El cambio de clima ha incidido en la actitud de casi todos: muchos que algunos meses atrás celebraban las hazañas de los financistas más destacados, de este modo ayudando a inflar la burbuja que acaba de estallar, se han puesto últimamente a lamentar su crasa irresponsabilidad. Lo mismo que ciertos gobiernos, no sólo los medios sensacionalistas sino también otros propenden a ser procíclicos, tal vez porque a tantos les gustan las emociones fuertes. Puede que su influencia no haya sido decisiva, pero cuesta creer que los títulos apocalípticos de los diarios y las advertencias solemnes propagadas por las emisoras televisivas no hayan contribuido a difundir la sensación de que todo se está viniendo abajo.
Así y todo, hay señales de que el catastrofismo ha comenzado a perder su atractivo. Con frecuencia creciente, los periódicos más respetables están solicitando las opiniones de los convencidos de que la crisis actual es en buena medida psicológica porque la conducta de los financistas les parece irracional. Estarán en lo cierto quienes piensan de este modo, pero sucede que quienes se ganan la vida comprando y vendiendo en cantidades valores extraordinarios rodeados de gente que grita, teléfonos que no dejan de sonar y computadoras que los bombardean con información de toda clase, no disponen de tiempo suficiente como para actuar con mucha racionalidad; de lo contrario, no se producirían con tanta frecuencia aquellas alzas vivificantes seguidas por caídas precipitadas que desde hace siglos caracterizan a los mercados.
Por lo demás, aun cuando el apostador bursátil inteligente, lector asiduo de libros acerca de manías colectivas y otros fenómenos que suelen determinar la evolución errática de los mercados, sea consciente de que la manada financiera se ha enloquecido una vez más, sabrá que no tiene más alternativa que la de actuar como los demás puesto que merced al pánico que se ha apoderado de ellos las acciones continuarán bajando.
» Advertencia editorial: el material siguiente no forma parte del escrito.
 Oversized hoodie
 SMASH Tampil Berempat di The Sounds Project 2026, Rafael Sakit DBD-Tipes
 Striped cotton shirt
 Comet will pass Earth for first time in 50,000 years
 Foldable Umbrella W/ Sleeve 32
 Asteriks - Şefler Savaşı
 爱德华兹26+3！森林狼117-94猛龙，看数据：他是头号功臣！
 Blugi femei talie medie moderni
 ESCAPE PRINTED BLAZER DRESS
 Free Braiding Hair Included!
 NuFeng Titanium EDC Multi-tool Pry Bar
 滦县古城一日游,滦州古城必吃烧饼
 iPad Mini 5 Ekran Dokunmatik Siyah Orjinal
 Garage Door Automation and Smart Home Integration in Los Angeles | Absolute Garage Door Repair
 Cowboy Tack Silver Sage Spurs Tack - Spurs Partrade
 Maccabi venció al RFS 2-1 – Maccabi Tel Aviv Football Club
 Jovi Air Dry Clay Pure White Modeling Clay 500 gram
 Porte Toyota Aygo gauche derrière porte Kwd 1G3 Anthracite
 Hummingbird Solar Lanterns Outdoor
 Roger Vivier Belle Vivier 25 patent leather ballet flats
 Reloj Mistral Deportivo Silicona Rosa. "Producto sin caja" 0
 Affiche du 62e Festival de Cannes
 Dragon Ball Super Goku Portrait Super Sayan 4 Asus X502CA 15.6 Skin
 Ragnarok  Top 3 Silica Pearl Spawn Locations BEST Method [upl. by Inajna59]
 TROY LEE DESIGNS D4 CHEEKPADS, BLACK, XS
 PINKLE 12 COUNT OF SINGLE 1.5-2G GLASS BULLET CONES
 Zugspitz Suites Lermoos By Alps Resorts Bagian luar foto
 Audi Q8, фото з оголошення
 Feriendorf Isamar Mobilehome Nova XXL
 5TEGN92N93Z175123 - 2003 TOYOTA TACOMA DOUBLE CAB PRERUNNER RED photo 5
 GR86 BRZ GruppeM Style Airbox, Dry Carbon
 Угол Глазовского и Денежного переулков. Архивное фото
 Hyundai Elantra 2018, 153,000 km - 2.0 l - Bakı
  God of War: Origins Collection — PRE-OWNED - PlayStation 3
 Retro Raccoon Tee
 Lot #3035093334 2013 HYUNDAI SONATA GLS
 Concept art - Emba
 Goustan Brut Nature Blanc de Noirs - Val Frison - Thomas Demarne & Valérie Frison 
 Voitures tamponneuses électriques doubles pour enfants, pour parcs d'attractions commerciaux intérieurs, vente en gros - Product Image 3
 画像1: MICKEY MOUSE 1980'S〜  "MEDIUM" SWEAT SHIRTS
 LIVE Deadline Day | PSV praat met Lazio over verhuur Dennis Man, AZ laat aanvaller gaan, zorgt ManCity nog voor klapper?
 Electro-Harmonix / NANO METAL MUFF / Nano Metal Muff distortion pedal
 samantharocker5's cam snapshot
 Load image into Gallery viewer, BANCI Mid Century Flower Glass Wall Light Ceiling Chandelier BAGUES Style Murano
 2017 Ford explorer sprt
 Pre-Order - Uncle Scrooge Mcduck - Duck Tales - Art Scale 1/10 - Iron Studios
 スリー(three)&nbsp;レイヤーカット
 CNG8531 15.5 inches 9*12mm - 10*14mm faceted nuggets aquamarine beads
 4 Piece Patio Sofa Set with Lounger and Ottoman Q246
Por lo tanto, los convencidos de que la crisis se debe a la estupidez de sus congéneres no se opondrán a la tendencia imperante antes de que tengan buenos motivos para creer que por fin los mercados han tocado fondo y están por recuperarse.
Se ha producido, pues, una situación paradójica. Hay una diferencia muy grande entre lo que beneficiaría a la comunidad por un lado y por el otro el interés de cada individuo. Pero no es una cuestión de pobres contra ricos, puesto que también resulta del interés personal de los multimillonarios que termine cuanto antes la crisis que está destruyendo fortunas. Aunque está formándose un consenso en el sentido de que la versión del diluvio universal que está ahogando a los mercados financieros es en buena medida de origen psicológico -si bien era razonable esperar una corrección, la que se ha dado parece absurdamente exagerada-, y que por lo tanto convendría que todos se tranquilizaran, nadie quiere ser el primero que se arriesgue comprando acciones baratas por miedo a que mañana sean más baratas aún, con el resultado de que quienes se sienten más perjudicados por la crisis son los que más hacen para prolongarla.